I grillini responsabili– E proprio le dichiarazioni di Di Maio, che è ancora l’uomo più gradito alla base grillina, potrebbero fare da collegamento tra la leadership e i “responsabili” del Movimento – quel gruppo di deputati che ha aperto in maniera più esplicita all’appoggio a Draghi. Sempre secondo il Fatto, nel corso dell’assemblea sono emerse almeno 4-5 voci possibiliste sulla fiducia. L’ex viceministro Buffagni ha detto che il profilo dell’ex presidente della Bce «è inattaccabile», mentre la deputata Dalila Nesci ha fatto notare che «per dire no alla soluzione individuata dal Presidente Mattarella bisognerebbe avere pronta una valida alternativa politica». Già il 2 febbraio il deputato Emilio Carelli aveva lasciato la formazione, forse, sempre il Fatto, per appoggiare il nuovo esecutivo.
La fronda del no – Grillo non si prouncia, anche se in passato il fondatore del Mov non aveva mancato di sottolineare la scarsa stima verso l’ex presidente della Bce, definito una «una Mary Poppins un po’ suonata». Secondo alcune indiscrezioni di Adnkronos, sarebbe comunque per il no.
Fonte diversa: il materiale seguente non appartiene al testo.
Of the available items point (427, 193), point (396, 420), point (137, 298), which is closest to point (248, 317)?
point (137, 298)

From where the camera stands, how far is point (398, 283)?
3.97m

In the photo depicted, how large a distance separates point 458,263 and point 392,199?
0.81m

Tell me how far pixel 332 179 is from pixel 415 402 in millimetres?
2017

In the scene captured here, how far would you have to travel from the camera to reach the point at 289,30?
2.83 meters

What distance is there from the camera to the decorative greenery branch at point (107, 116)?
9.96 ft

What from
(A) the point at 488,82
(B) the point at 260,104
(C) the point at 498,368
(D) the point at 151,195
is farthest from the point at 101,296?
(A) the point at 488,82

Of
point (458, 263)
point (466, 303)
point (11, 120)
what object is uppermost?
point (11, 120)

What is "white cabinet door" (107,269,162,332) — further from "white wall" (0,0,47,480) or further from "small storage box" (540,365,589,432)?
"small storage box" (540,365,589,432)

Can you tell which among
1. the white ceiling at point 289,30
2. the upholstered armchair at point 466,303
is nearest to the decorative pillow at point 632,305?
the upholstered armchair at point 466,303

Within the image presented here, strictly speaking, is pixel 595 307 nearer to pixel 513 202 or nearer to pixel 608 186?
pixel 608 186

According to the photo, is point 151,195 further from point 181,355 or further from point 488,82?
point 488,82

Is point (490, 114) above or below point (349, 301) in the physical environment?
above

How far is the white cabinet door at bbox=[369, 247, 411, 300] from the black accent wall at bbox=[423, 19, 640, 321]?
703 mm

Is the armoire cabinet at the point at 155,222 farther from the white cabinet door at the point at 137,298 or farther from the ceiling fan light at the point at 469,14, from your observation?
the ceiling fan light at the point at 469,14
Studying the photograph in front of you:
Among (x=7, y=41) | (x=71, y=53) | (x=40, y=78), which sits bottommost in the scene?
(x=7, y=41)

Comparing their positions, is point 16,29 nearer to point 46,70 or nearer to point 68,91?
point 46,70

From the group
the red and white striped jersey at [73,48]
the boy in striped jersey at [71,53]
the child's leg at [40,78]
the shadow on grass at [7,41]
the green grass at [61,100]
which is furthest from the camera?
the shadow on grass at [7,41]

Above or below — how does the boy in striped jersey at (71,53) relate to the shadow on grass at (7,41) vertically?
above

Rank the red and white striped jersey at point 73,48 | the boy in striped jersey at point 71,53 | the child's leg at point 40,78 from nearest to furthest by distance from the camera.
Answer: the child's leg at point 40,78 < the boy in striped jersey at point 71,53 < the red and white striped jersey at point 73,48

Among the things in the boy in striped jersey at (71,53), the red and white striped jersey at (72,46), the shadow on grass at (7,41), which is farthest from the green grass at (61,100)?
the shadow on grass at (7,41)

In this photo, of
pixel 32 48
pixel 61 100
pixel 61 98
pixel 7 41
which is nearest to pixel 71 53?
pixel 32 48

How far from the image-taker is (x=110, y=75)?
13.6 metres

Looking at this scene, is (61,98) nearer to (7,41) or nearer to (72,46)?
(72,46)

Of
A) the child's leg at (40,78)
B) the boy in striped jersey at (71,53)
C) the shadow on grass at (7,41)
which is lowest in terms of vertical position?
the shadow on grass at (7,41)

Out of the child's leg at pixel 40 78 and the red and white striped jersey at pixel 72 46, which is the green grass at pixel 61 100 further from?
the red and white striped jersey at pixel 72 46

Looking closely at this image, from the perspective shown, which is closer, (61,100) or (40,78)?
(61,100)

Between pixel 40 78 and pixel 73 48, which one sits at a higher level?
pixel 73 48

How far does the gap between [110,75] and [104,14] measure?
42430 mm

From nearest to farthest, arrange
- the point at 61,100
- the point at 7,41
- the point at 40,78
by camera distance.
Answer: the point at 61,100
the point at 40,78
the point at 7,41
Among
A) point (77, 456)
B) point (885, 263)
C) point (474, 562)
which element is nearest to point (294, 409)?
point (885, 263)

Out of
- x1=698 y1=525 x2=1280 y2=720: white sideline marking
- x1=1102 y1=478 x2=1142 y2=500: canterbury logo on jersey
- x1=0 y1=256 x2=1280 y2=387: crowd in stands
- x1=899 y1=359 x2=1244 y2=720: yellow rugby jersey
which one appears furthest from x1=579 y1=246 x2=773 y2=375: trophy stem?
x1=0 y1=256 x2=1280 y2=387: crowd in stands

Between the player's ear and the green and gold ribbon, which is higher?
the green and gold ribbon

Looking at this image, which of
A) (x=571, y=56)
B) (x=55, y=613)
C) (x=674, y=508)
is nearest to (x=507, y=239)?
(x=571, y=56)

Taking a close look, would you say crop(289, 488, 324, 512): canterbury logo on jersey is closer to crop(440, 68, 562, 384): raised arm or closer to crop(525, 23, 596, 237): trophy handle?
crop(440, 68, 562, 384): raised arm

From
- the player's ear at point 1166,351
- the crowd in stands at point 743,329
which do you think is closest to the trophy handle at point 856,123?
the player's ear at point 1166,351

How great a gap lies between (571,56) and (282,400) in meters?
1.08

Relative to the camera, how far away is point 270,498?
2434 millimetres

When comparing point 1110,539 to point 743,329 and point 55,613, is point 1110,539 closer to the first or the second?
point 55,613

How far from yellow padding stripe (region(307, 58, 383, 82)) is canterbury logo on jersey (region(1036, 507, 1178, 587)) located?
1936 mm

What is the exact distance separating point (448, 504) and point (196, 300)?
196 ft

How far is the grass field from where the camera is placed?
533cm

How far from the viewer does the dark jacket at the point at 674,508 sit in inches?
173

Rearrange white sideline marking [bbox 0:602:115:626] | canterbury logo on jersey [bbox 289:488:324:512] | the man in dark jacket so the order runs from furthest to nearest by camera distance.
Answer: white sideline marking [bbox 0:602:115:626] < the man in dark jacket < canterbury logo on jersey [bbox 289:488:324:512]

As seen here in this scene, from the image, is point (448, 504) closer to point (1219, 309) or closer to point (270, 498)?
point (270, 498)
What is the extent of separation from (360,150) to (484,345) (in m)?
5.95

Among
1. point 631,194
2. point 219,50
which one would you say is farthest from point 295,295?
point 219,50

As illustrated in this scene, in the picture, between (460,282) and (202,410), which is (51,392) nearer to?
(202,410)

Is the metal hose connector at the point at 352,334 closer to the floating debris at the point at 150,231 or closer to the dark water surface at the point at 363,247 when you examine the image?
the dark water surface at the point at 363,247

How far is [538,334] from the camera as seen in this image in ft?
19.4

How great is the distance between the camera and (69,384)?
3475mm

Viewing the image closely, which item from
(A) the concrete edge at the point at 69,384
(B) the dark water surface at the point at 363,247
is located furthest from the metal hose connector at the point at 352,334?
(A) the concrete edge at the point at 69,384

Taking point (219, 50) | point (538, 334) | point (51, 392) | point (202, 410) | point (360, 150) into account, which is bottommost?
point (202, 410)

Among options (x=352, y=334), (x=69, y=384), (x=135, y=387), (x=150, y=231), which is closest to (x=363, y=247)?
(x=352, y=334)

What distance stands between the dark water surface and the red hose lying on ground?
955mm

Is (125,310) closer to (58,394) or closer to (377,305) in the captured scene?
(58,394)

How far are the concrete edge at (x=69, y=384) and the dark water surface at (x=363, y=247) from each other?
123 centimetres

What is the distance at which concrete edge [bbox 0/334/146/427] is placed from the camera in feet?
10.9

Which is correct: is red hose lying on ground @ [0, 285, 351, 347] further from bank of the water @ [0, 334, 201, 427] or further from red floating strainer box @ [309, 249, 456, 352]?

Da considerare c’è poi quell’ala “originalista” dei grillini che fa capo ad Alessandro di Battista e a Davide Casaleggio, legata alle battaglie dei primordi e che ama dipingersi come unico argine alla trasformazione in partito. Meno di una settimana fa “Dibba” si era addirittura detto disposto a lasciare i pentastellati se non fossero ritornati sui loro passi. Adesso rincara la dose e chiama chi gli è fedele alla battaglia: «Vi accuseranno di tutto. Di essere artefici dello spread. Di blasfemia perché davanti all’apostolo Draghi non vi siete genuflessi. Voi non cedete.». Una voce minoritaria, ma a cui danno credito ancora molti grillini, come la senatrice Lezzi.
Consultazioni – Intanto, nel pomeriggio del 4 febbraio inizieranno le consultazioni con i gruppi dei vari partiti politici. A complicare la posizione del Mov è una dichiarazione del deputato Pd Mirabelli, per cui «senza l’appoggio del Movimento 5 Stelle a Draghi un’alleanza futura sarebbe più difficile». Insomma, l’appoggio promesso da Zingaretti ci sarebbe, ma con una condizionale particolarmente divisiva.